Let $$K$$ be a field and let $$\Lambda_{1}$$ and $$\Lambda_{2}$$ be two finite-dimensional $$K$$-algebras with Jacobson radicals $$J_{1}$$ and $$J_{2}$$ respectively. How to show or where can I find the proof of the following statement?

$$\Lambda_{1} / J_{1} \otimes_{K} \Lambda_{2} / J_{2}$$ is always semisimple if $$K$$ is perfect or if $$\Lambda_{1}$$ and $$\Lambda_{2}$$ are path algebras of quivers factored by admissible ideals.

Thank you.

We have $$gldim A \otimes_K B= gldim A + gldim B$$ if A and B are seperable algebras over the field $$K$$, see https://www.cambridge.org/core/journals/nagoya-mathematical-journal/article/on-the-dimension-of-modules-and-algebras-viii-dimension-of-tensor-products/58116B52E52F0F6165E84AE11284CCF6 corollary 18.

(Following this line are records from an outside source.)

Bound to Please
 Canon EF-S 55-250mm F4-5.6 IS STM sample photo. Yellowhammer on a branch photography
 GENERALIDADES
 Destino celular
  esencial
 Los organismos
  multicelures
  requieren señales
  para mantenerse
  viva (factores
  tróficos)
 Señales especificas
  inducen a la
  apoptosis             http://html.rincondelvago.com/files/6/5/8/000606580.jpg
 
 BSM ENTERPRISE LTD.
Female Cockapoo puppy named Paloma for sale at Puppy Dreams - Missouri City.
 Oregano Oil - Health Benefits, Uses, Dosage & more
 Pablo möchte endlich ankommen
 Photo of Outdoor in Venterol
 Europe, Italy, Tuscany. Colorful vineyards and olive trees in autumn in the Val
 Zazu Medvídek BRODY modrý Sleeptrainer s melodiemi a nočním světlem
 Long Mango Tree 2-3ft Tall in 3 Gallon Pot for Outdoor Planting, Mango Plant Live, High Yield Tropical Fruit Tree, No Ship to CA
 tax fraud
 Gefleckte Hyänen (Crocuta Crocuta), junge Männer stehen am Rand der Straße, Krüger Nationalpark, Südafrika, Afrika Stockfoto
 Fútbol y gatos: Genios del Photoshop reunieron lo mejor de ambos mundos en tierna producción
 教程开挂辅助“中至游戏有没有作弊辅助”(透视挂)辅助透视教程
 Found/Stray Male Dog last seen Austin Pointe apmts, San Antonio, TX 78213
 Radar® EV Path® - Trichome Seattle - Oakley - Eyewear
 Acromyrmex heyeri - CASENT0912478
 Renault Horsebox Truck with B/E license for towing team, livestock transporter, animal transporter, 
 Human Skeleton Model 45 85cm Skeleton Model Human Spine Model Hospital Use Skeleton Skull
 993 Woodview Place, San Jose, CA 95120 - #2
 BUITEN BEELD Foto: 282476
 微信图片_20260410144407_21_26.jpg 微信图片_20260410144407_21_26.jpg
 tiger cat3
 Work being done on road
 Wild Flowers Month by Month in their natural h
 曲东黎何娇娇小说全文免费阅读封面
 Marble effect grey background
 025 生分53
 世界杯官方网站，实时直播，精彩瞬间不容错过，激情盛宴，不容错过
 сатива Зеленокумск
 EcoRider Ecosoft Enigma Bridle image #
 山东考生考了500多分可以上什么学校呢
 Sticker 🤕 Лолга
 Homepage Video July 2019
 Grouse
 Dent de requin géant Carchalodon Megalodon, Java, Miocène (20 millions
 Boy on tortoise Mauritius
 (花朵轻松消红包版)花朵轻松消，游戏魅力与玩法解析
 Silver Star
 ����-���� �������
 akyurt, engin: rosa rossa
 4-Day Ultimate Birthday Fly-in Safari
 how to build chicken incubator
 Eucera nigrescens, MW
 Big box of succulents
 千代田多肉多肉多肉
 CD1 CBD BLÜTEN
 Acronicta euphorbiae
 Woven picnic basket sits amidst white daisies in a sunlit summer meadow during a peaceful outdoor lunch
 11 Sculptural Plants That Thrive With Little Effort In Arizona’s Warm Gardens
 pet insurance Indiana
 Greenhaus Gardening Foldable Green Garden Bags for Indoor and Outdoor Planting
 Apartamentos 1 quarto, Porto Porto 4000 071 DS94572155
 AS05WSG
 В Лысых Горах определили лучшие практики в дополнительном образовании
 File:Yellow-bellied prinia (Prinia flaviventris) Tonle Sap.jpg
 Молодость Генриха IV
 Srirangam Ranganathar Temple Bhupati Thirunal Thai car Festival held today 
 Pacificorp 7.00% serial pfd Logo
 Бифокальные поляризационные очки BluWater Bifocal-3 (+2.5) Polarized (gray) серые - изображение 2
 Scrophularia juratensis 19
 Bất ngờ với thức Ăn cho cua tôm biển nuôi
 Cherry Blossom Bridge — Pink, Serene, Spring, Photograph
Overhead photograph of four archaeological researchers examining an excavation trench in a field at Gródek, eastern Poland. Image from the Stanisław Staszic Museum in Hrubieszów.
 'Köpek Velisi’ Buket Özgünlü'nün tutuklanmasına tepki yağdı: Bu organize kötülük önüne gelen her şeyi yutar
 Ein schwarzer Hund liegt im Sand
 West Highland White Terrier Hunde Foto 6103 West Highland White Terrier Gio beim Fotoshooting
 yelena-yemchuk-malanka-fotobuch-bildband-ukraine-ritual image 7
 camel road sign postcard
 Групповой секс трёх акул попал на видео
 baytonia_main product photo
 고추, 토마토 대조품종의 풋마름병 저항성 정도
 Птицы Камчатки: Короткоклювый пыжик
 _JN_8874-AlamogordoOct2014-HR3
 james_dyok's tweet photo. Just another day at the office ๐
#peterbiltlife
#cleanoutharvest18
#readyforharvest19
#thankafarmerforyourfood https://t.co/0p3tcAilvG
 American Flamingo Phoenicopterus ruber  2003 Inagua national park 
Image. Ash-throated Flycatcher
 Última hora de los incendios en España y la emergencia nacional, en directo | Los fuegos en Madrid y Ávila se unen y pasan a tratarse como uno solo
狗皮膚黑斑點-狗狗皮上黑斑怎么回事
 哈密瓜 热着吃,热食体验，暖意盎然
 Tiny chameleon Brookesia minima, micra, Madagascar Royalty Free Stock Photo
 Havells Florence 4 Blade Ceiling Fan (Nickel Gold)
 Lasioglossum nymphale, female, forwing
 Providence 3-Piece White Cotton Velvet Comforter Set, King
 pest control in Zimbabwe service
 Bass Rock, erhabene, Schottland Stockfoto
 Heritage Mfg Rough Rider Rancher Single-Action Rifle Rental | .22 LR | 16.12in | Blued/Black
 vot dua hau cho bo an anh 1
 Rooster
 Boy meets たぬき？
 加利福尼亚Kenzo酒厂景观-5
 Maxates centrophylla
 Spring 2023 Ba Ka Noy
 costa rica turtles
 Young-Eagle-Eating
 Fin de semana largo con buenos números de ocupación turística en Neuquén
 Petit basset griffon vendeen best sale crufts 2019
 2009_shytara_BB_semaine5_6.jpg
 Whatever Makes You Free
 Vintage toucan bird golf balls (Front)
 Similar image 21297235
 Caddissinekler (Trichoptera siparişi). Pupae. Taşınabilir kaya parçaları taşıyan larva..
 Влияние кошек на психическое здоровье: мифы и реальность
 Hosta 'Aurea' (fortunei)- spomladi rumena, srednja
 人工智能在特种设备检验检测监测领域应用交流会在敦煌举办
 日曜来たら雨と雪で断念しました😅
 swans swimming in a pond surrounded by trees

Now being semisimple for finite dimensional algebras is equivalent to global dimension zero.

Here is an alternate version of @Mare's answer. First recall that a $$K$$-algebra $$A$$ is separable if it is semisimple under all base extensions; its enough to check over an algebraic closure of $$K$$.

Let us write $$L\otimes_K A$$ as $$A^L$$ for a $$K$$-algebra $$A$$ and field extension $$L/K$$.

Any semisimple algebra over a perfect field is separable. By Wedderburn-Artin, it suffices to show that if $$D$$ is a finite dimensional division algebra over $$K$$, then $$D^{\overline K}=\overline{K}\otimes_K D$$ is semisimple, where $$\overline{K}$$ is an algebraic closure of $$K$$. Let $$F$$ be the center of $$D$$; then $$F/K$$ is a finite field extension and hence separable because $$K$$ is perfect. Then $$D^{\overline K}\cong (\overline K\otimes_K F)\otimes_F D$$. But since $$F/K$$ is separable, basic field theory says $$\overline K\otimes_K F\cong \overline K^{[F:K]}$$. Therefore, $$D^{\overline K}\cong (\overline K\otimes_F D)^{[F:K]}$$. But $$D$$ is central simple over $$F$$ and so by a basic result in the theory of central simple algebras, $$\overline K\otimes_F D\cong M_n(\overline K)$$ where $$n^2=[D:F]$$. Thus $$D^{\overline K}$$ is semisimple.

Also, if $$A$$ is a split semisimple $$K$$-algebra (so isomorphic to a direct product of matrix algebras over a field), then $$A$$ is separable. In particular, if $$\Lambda = KQ/I$$ where $$Q$$ is a quiver and $$I$$ is an admissible ideal, then $$\Lambda/J(\Lambda)\cong K^{|Q_0|}$$ and hence is a separable $$K$$-algebra.

Thus your question really boils down to proving that if $$A$$ and $$B$$ are separable $$K$$-algebras, then so is $$A\otimes_K B$$. It is enough to show that $$(A\otimes_K B)^{\overline K}$$ is semisimple where $$\overline K$$ is an algebraic closure. But $$(A\otimes_K B)^{\overline K}\cong A^{\overline K}\otimes_{\overline K}B^{\overline K}$$ as they both have the same universal property. The right hand side is a tensor product of direct sums of matrix algebras over $$\overline{K}$$ and hence is a direct sum of matrix algebras over $$\overline{K}$$ (as $$M_n(\overline K)\otimes_{\overline K} M_m(\overline {K})\cong M_{mn}(\overline K)$$) and thus semisimple. Therefore, $$A\otimes_K B$$ is separable and hence semisimple.